That is an audio myth that people can hear the difference. It may have been possible several years back before when there was a known ESS IMD hump, but even then it was quite unlikely that it was truly audible. You have to remember that the manufacturers use language in their marketing to gain the consumers attention and the create an expectation. That is how they attempt to differentiate themselves. The reality is that DAC chips are now so well designed that they are audibly transparent, meaning they do not colour the sound.
Any DAC that has a sound is flawed, period. It isn't an opinion, it isn't up for debate, it would be flawed. A DAC has one job, and one job only which is to take a digital stream and convert it to analogue output. It is extremely easy to do so in an audibly transparent fashion and it has been for years. Speakers introduce colour into a system, and that makes sense why. Your amp and your DAC are out of the way and it is the speaker or headphone that introduces colour.
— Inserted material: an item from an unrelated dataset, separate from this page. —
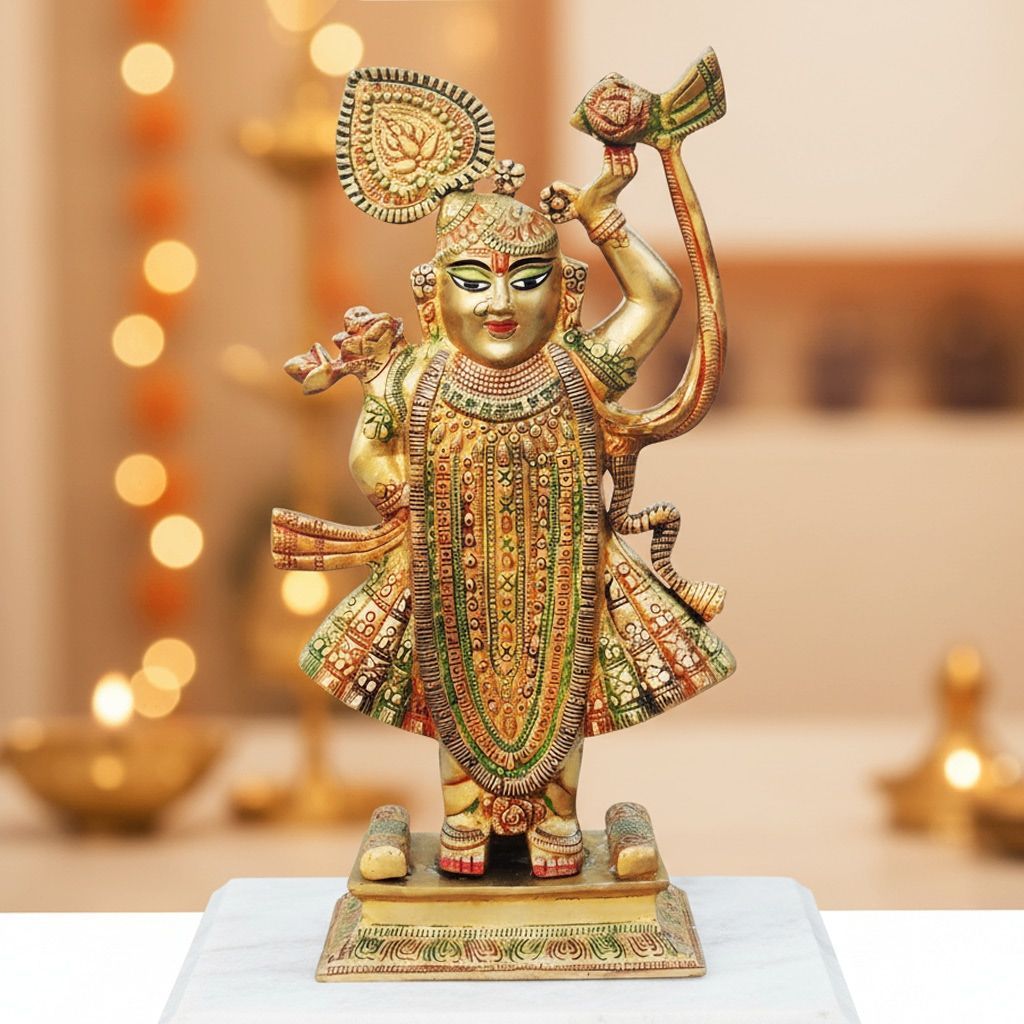 Brass Shrinath Ji / Banke Bihari Krishna Murti Idol � Handcrafted Brass Statue, Height : 17.5 Inch (BSMAS941 D)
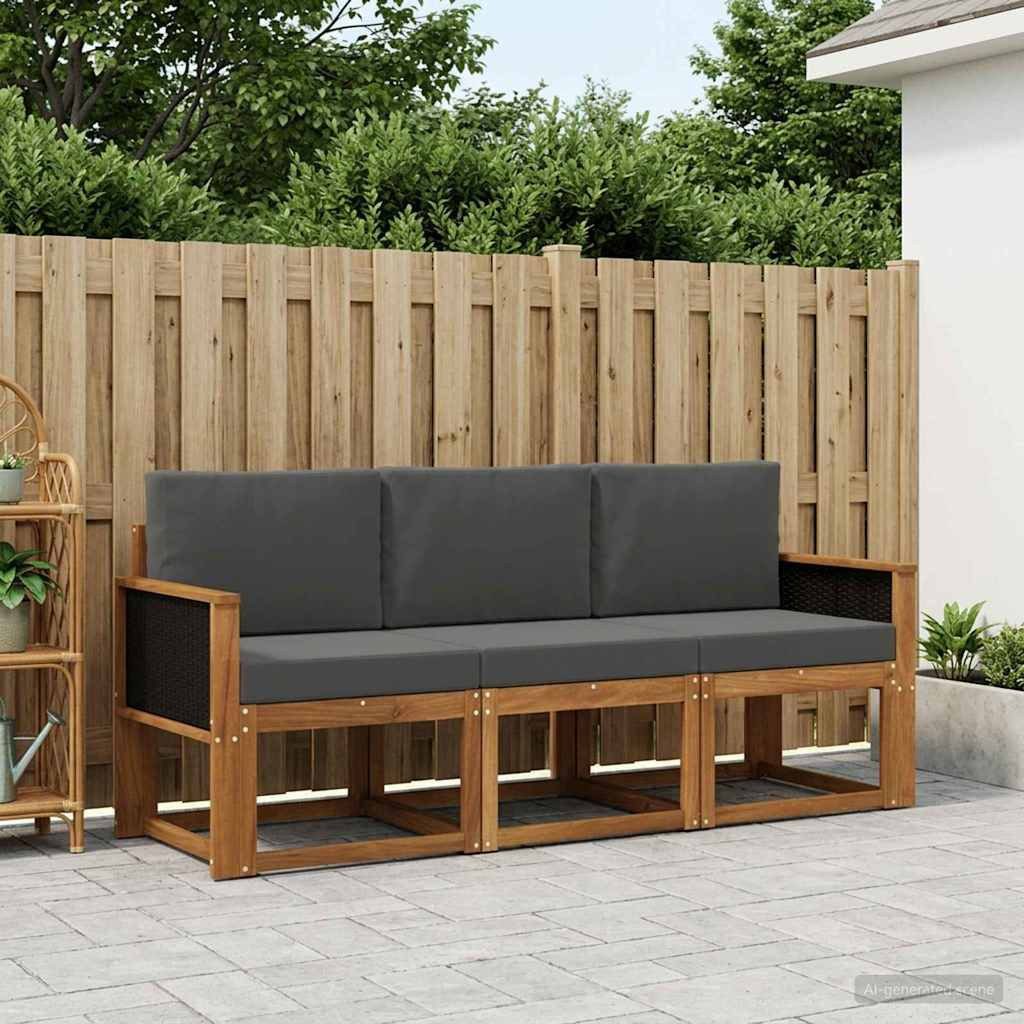 vidaXL Gartenlounge-Set Outdoor-Sofagarnitur 3 Stk. Natur und Anthrazit, (3-tlg)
I currently own and use two DACs, one has an ESS chip, the other a AKM. I have owned more than one example of both chips before and I never believed that they sound different. Those who tell you otherwise are making claims that they sound different because they were conditioned by reading what others told them they would hear. Nobody is doing proper level matched, multiple trial, blind listening tests. You get an ESS based DAC and an AKM based DAC, properly designed. Have them absolutely level matched and do ten trials blind where they are compared. If 9 out of 10 trials you can tell the two apart, you have some proof. Simply listening to them sighted provides zero evidence.